* [ABOUT THIS TASK]
Omit any picture, and return the remaining data exactly as written.

Caption-style text data
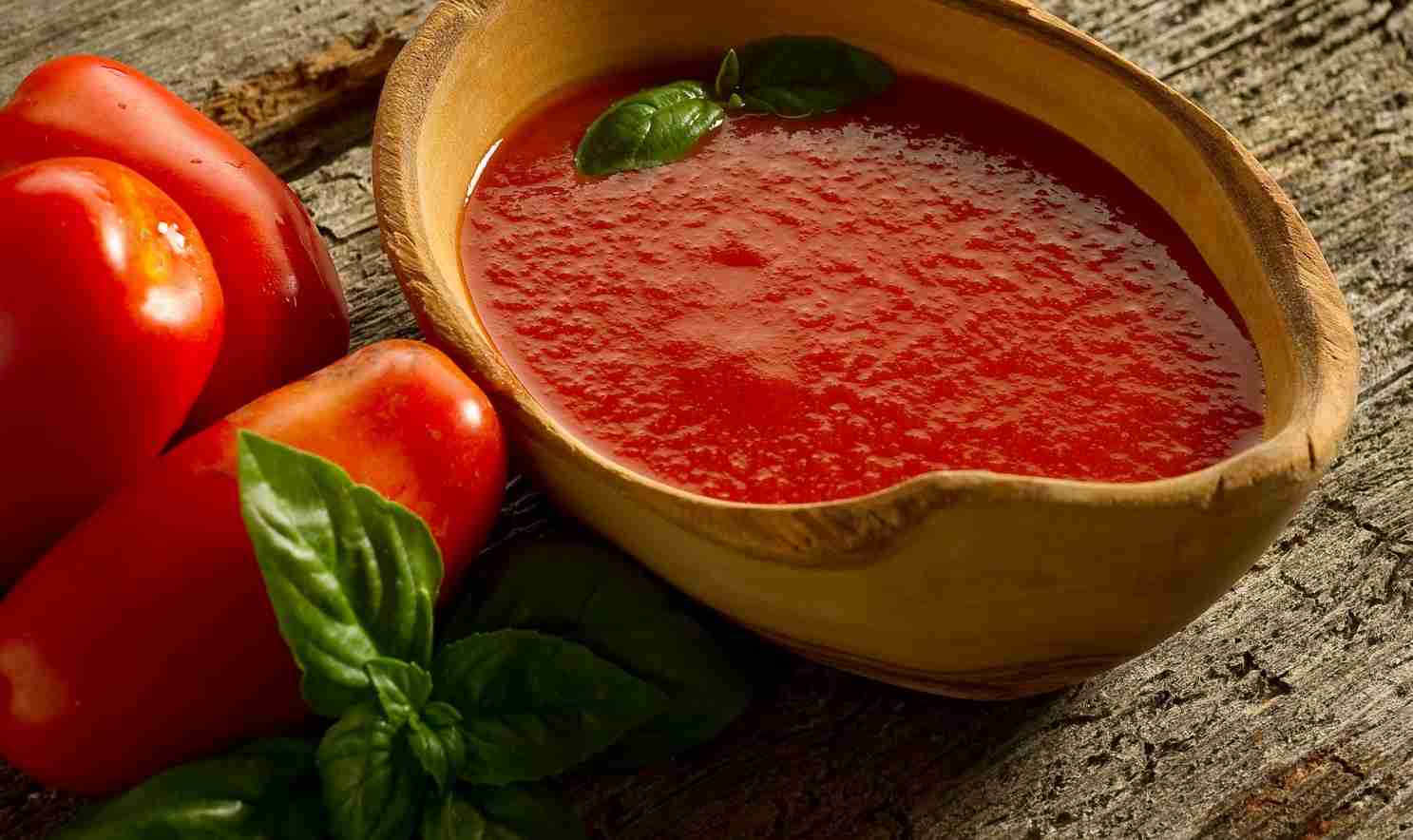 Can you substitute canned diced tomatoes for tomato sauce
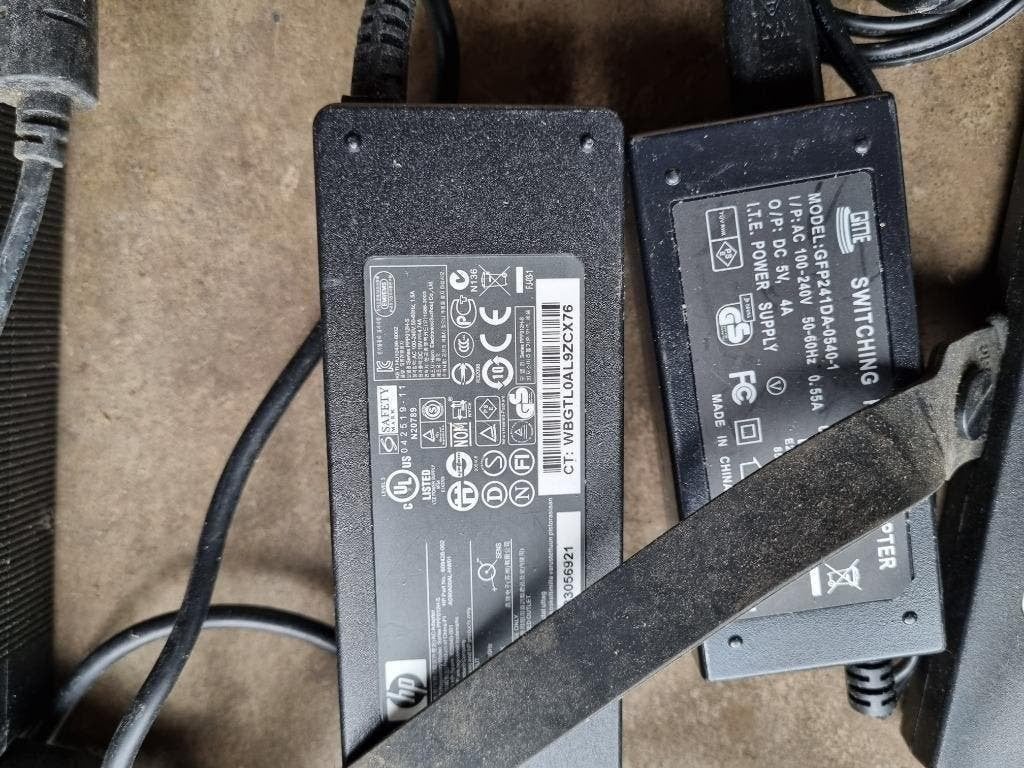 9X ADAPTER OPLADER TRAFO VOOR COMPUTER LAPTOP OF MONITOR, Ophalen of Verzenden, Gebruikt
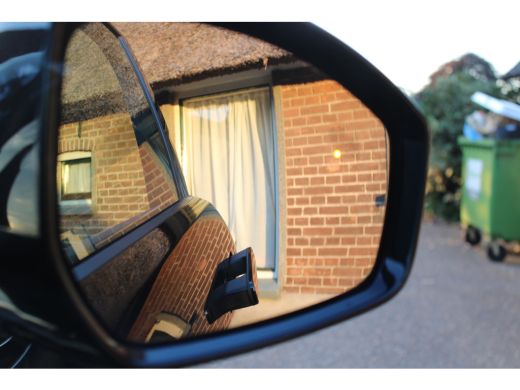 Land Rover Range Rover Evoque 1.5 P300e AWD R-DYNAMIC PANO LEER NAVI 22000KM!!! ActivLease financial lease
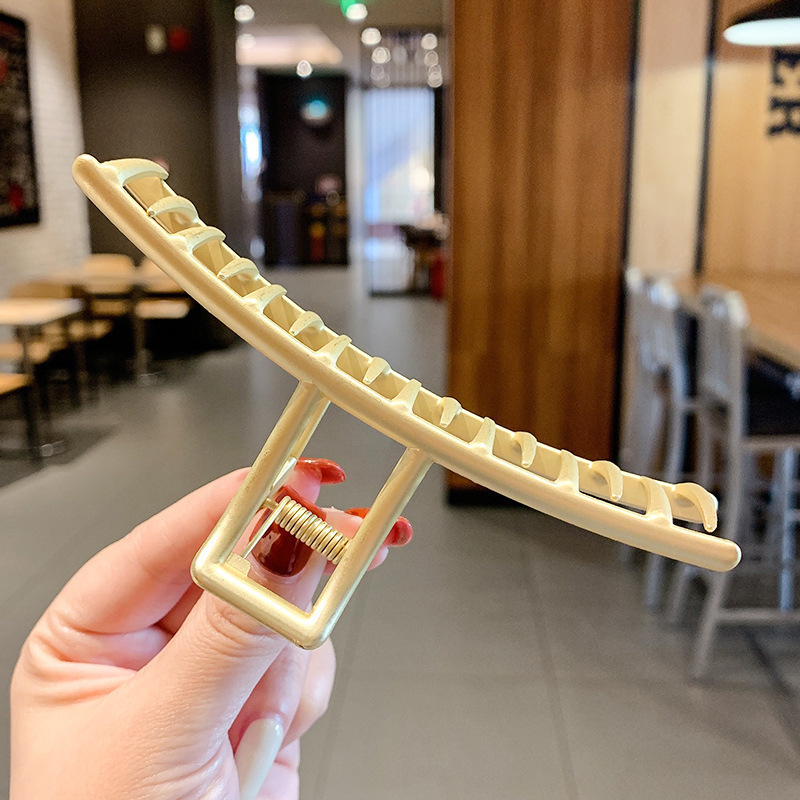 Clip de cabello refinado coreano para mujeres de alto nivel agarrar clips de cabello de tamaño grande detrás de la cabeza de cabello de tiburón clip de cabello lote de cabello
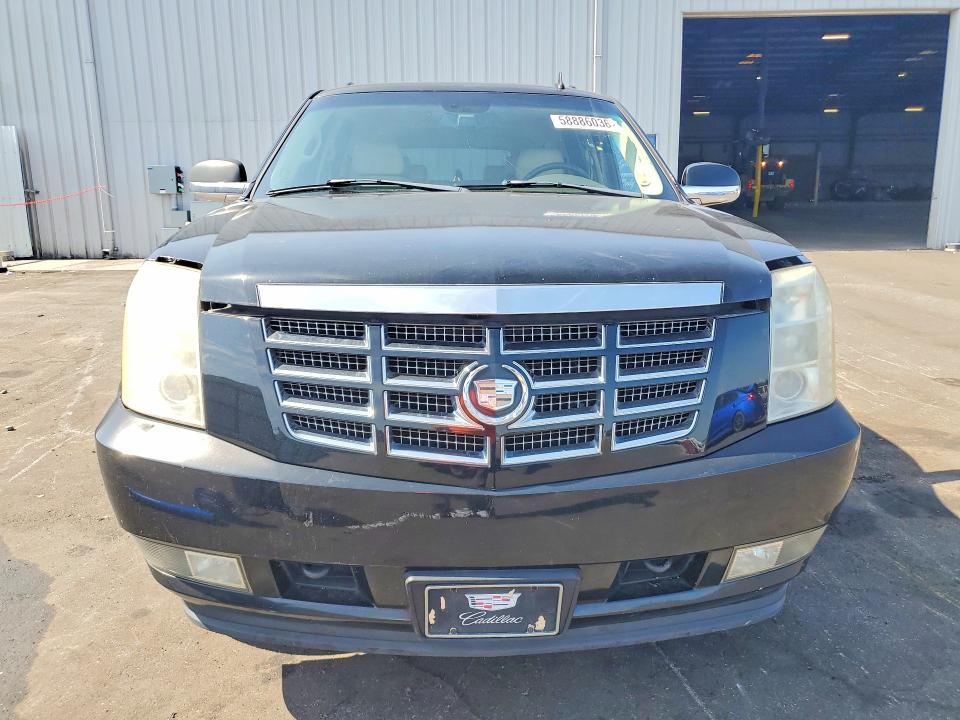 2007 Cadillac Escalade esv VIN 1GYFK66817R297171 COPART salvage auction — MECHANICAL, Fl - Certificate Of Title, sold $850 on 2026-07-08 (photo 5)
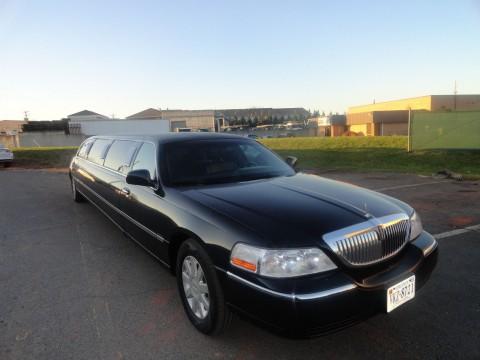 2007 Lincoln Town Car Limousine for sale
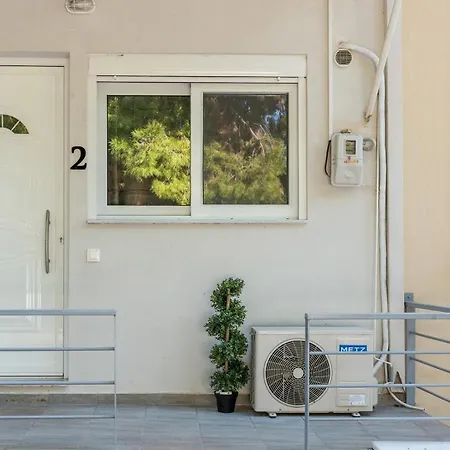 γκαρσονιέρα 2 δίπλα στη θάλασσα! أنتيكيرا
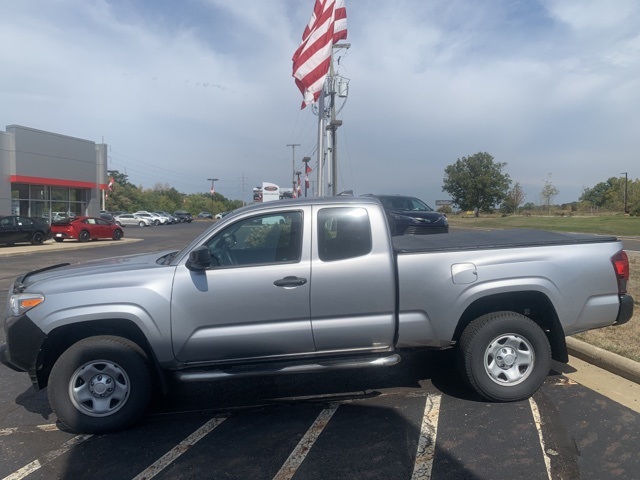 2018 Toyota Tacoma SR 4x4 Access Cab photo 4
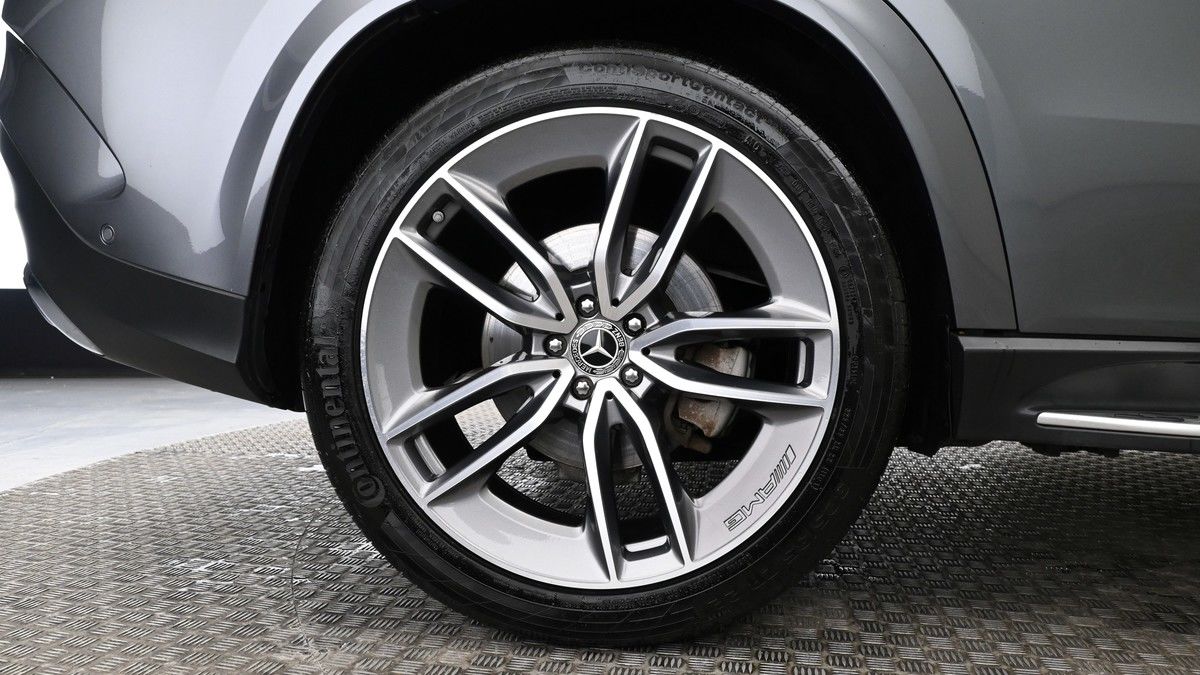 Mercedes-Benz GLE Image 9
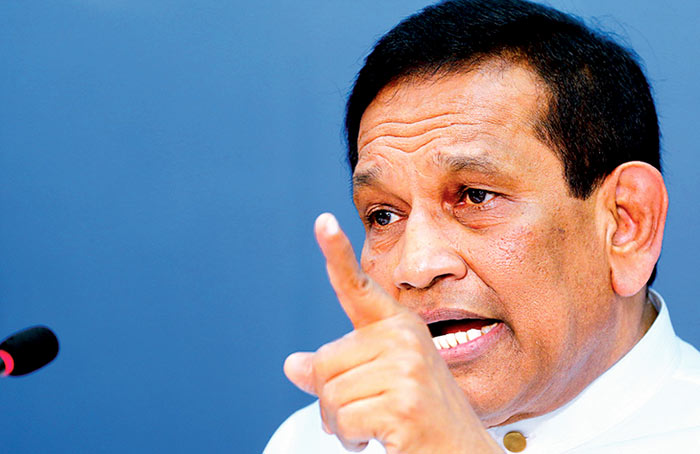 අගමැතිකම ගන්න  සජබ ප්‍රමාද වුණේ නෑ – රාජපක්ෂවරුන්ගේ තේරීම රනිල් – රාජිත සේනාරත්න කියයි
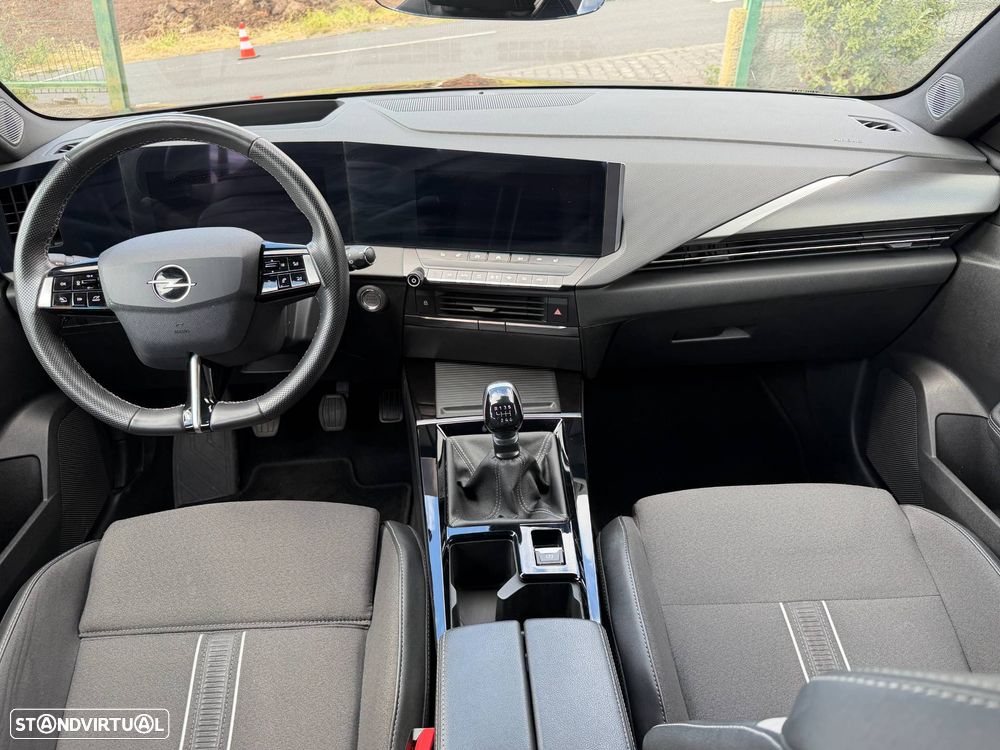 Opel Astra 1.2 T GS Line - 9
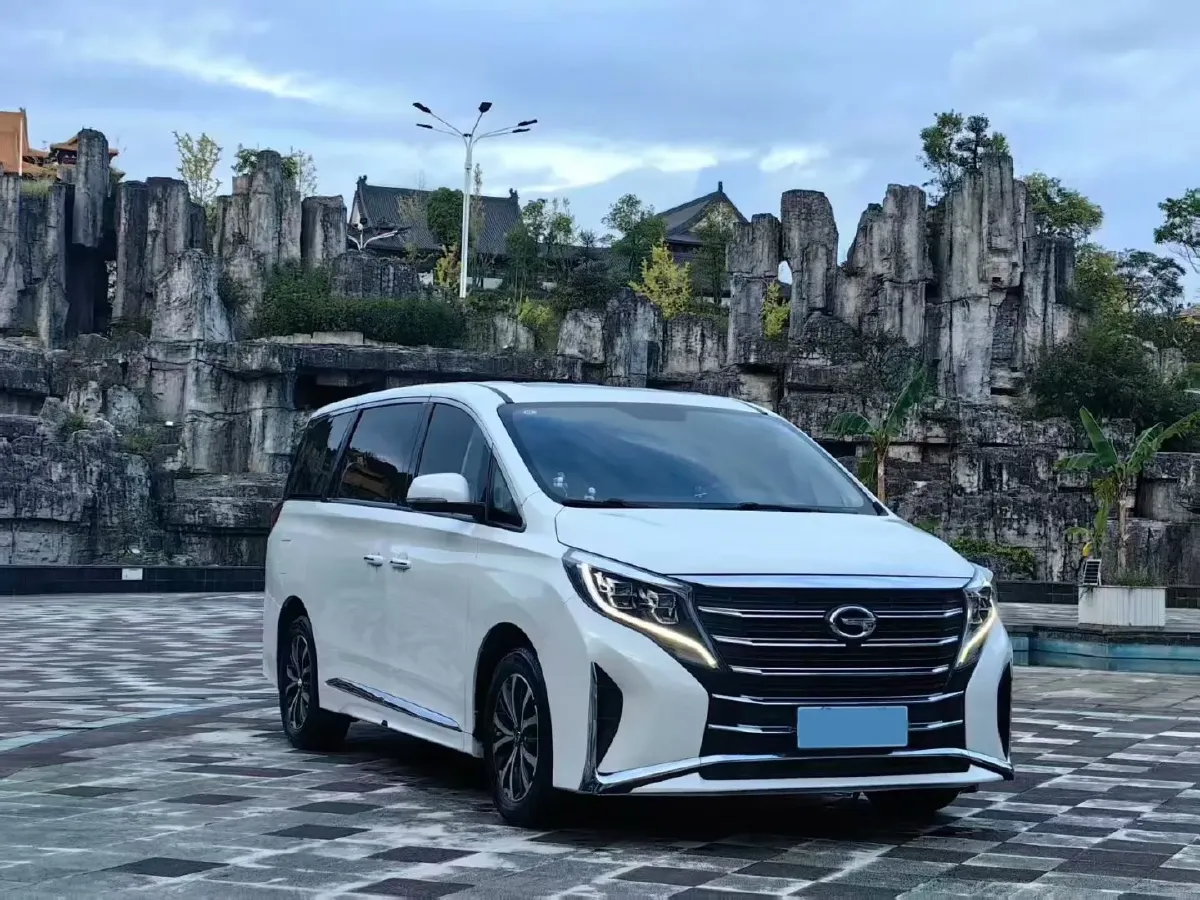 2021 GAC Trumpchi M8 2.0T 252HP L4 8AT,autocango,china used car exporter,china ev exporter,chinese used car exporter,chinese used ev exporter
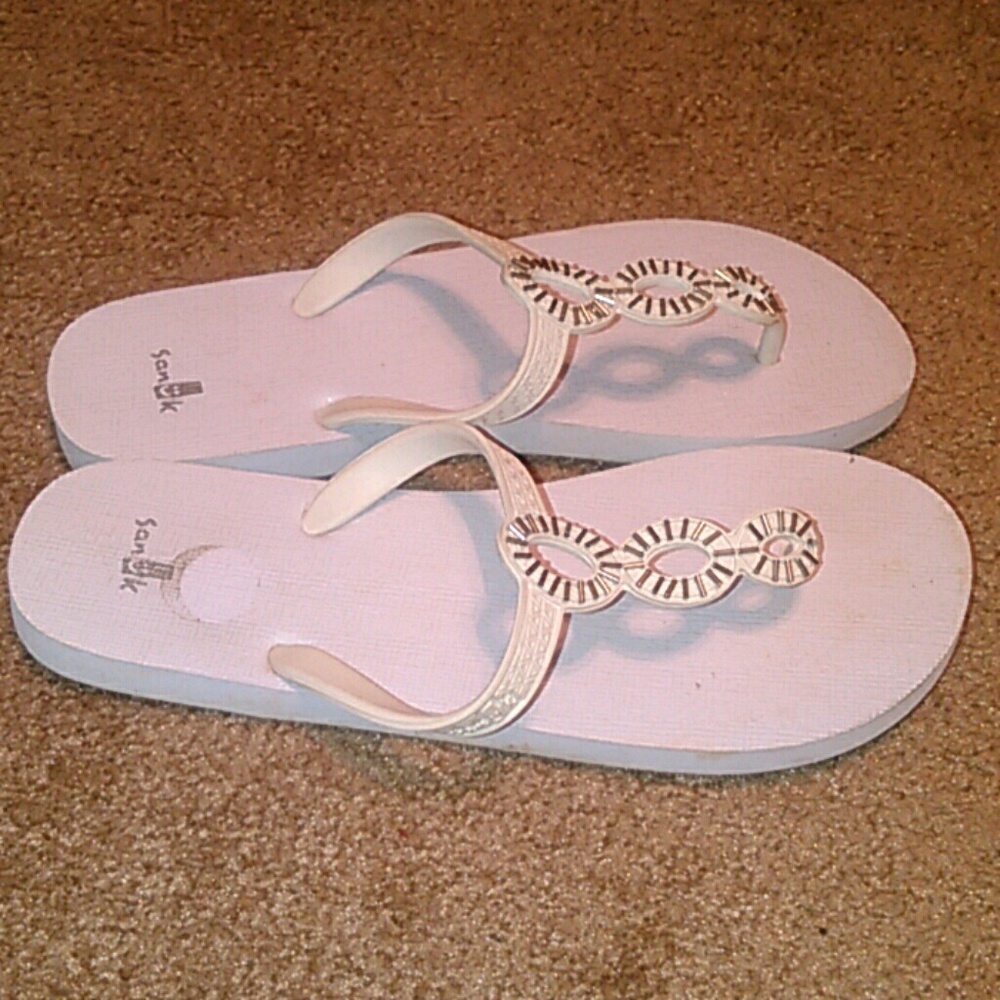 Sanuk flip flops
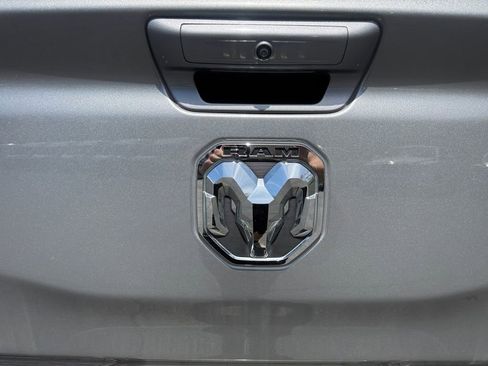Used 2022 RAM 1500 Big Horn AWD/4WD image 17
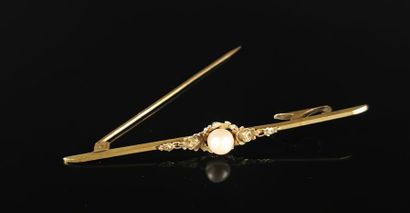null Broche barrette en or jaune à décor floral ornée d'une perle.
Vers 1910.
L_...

* [ANSWER AREA]
 Can you substitute canned diced tomatoes for tomato sauce
 9X ADAPTER OPLADER TRAFO VOOR COMPUTER LAPTOP OF MONITOR, Ophalen of Verzenden, Gebruikt
 Land Rover Range Rover Evoque 1.5 P300e AWD R-DYNAMIC PANO LEER NAVI 22000KM!!! ActivLease financial lease
 Clip de cabello refinado coreano para mujeres de alto nivel agarrar clips de cabello de tamaño grande detrás de la cabeza de cabello de tiburón clip de cabello lote de cabello
 2007 Cadillac Escalade esv VIN 1GYFK66817R297171 COPART salvage auction — MECHANICAL, Fl - Certificate Of Title, sold $850 on 2026-07-08 (photo 5)
 2007 Lincoln Town Car Limousine for sale
 γκαρσονιέρα 2 δίπλα στη θάλασσα! أنتيكيرا
 2018 Toyota Tacoma SR 4x4 Access Cab photo 4
 Mercedes-Benz GLE Image 9
 අගමැතිකම ගන්න  සජබ ප්‍රමාද වුණේ නෑ – රාජපක්ෂවරුන්ගේ තේරීම රනිල් – රාජිත සේනාරත්න කියයි
 Opel Astra 1.2 T GS Line - 9
 2021 GAC Trumpchi M8 2.0T 252HP L4 8AT,autocango,china used car exporter,china ev exporter,chinese used car exporter,chinese used ev exporter
 Sanuk flip flops
Used 2022 RAM 1500 Big Horn AWD/4WD image 17
null Broche barrette en or jaune à décor floral ornée d'une perle.
Vers 1910.
L_...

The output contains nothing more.